Important: Backtested performance results are not a reliable indicator of future live trading results. Always treat backtest results with significant scepticism, particularly when they appear highly favourable, when out-of-sample testing is not disclosed, or when the cost assumptions underlying the results are not clearly stated. A compelling backtest demonstrates that a strategy would have worked in the past; it does not demonstrate that it will work in the future.
Common Pitfalls in Algorithmic Trading
Over-optimisation and curve fitting. As described in the backtesting section above, the practice of repeatedly adjusting a strategy's parameters to improve historical results almost inevitably produces a system that fits historical noise rather than genuine signal. The warning sign is a strategy with many adjustable parameters, a long optimisation history, and excellent historical performance — combined with no credible explanation of why the underlying logic should continue to work in the future.

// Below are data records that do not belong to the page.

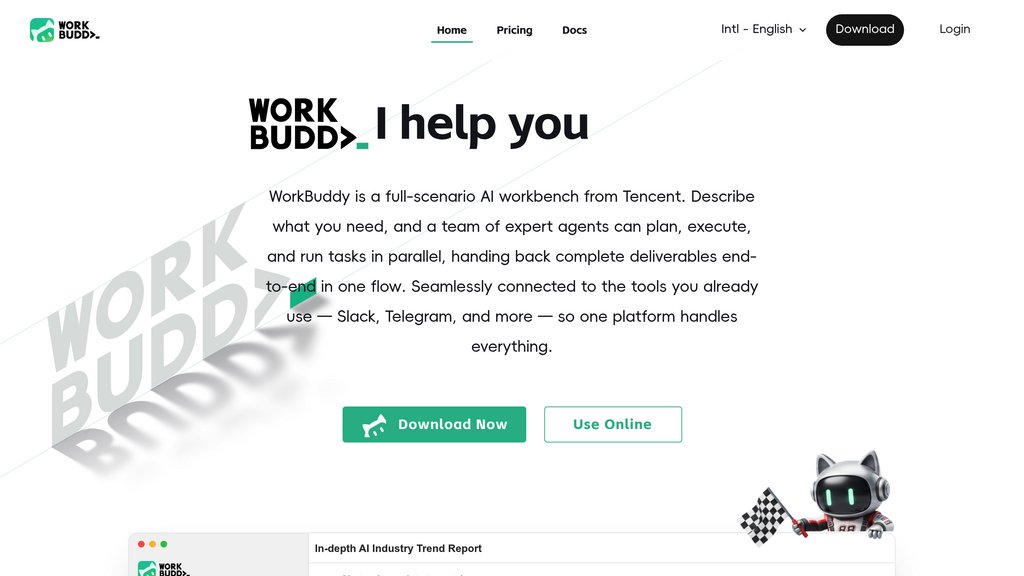 Tencent WorkBuddy preview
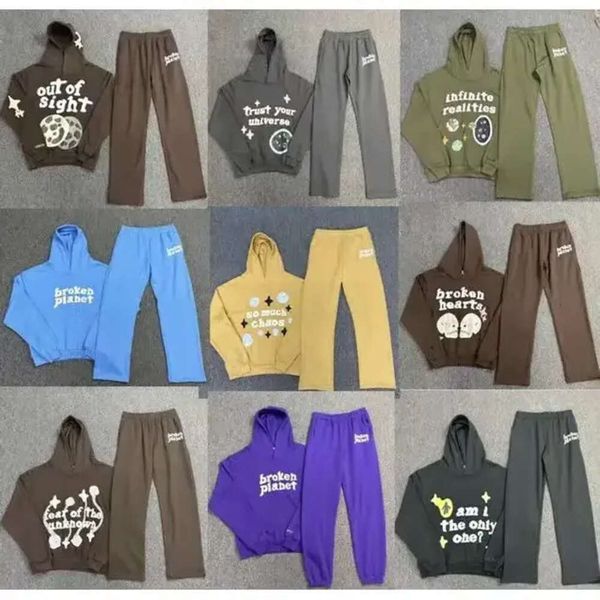 Broken Planet Foam Letter Imprimer Hoodie Loose Mens Y K Hoody D Graffiti Pull Hip Hop Haraj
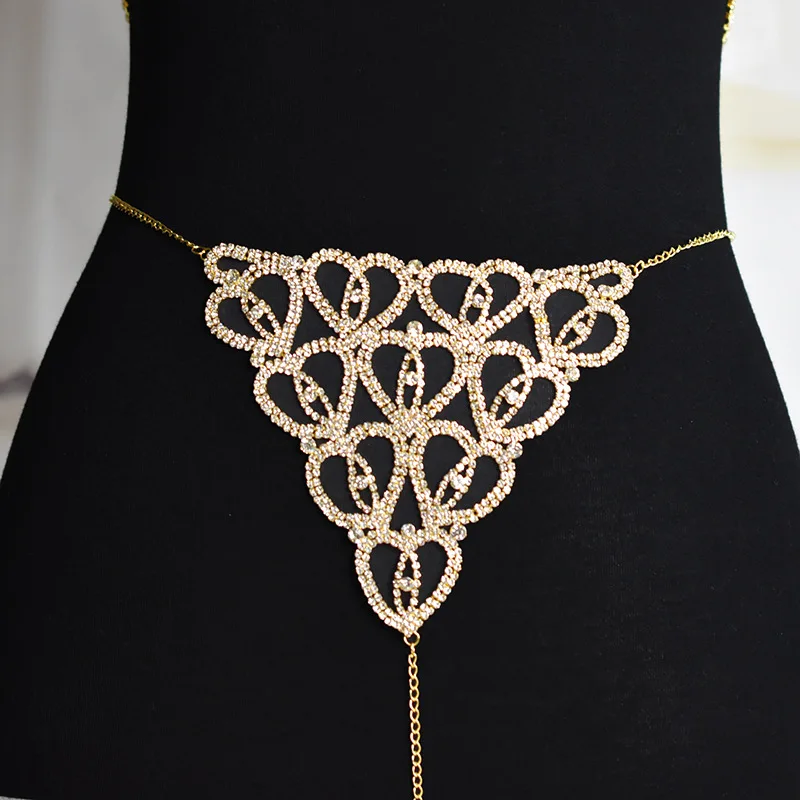 PUSHI Luxury Rhinestone Womens Sexy Underwear Accessories Jewelry Set Body Chain Wholesale Diamond Crystal Alloy Unisex SAD01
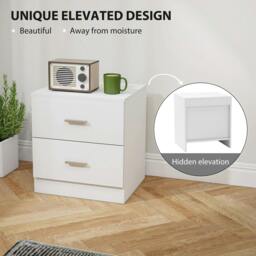 Rackhams Modern Bedside Table, Beside Cabinet with 2 Drawers, for Bedroom, Living Room, White - thumbnail 6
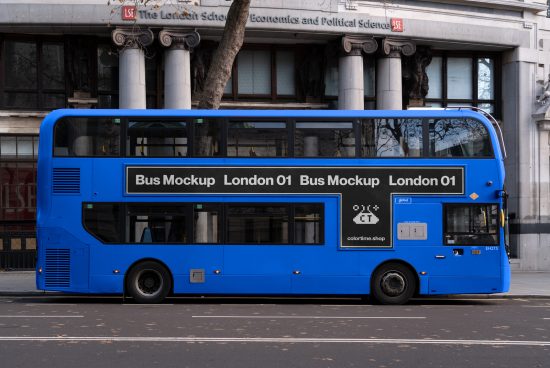 Blue London double-decker bus mockup parked on city street with building in background, ideal for advertising and design presentations.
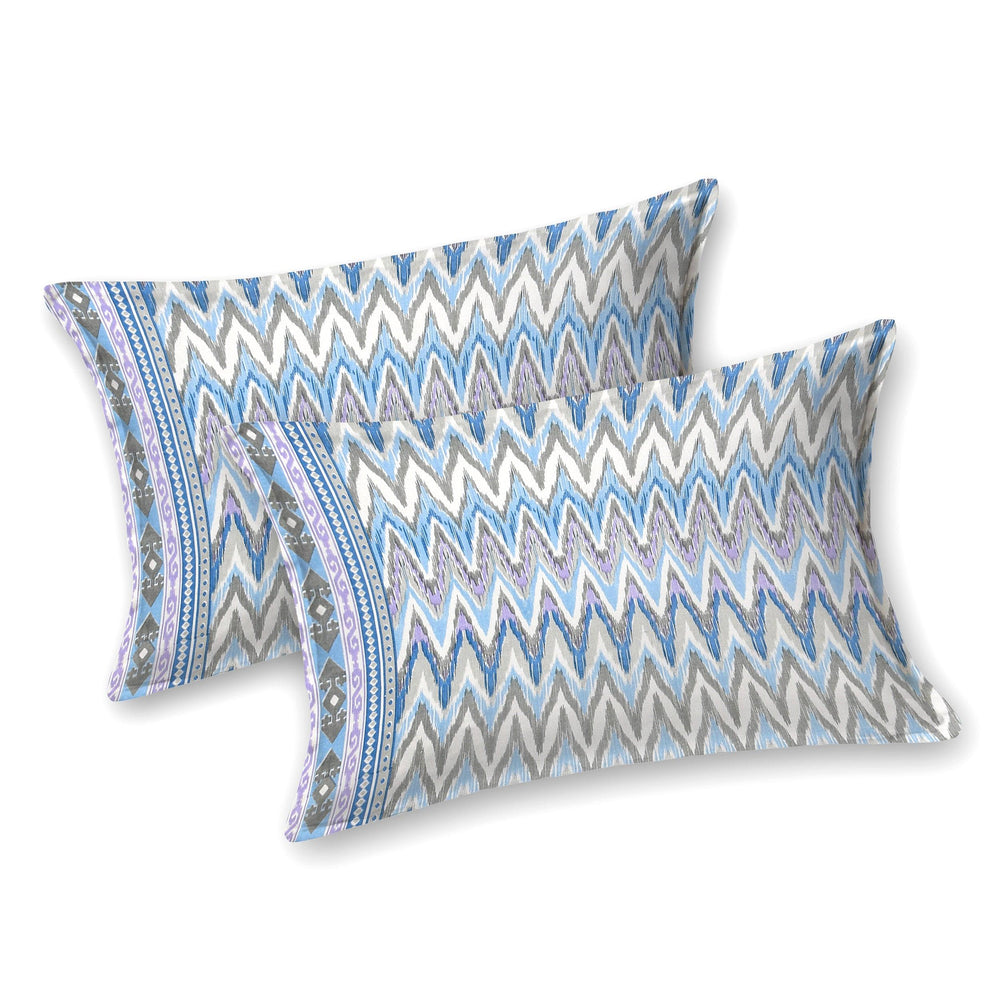 Mahanadi 310 TC Cotton Bed Sheet with 2 Pillow Covers - Printed - Clover Home Furnishings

Ignoring transaction costs. Algorithmic strategies that turn over their positions frequently face cumulative transaction costs — spreads, commissions, overnight financing charges — that can substantially erode or eliminate performance. A strategy that generates a large number of small winning trades in backtests, where costs are understated, may be loss-making in practice. Every additional trade is a cost, and trading systems should be evaluated net of realistic transaction costs, not gross.
Assuming perfect execution. Backtests typically assume that orders are filled immediately and at the specified price. In live markets, fills may be partial, delayed, or at a worse price than expected, particularly in fast-moving markets or for less liquid instruments. Execution algorithms are designed precisely to manage this problem for institutional investors, but most retail algorithmic tools do not provide this level of execution sophistication.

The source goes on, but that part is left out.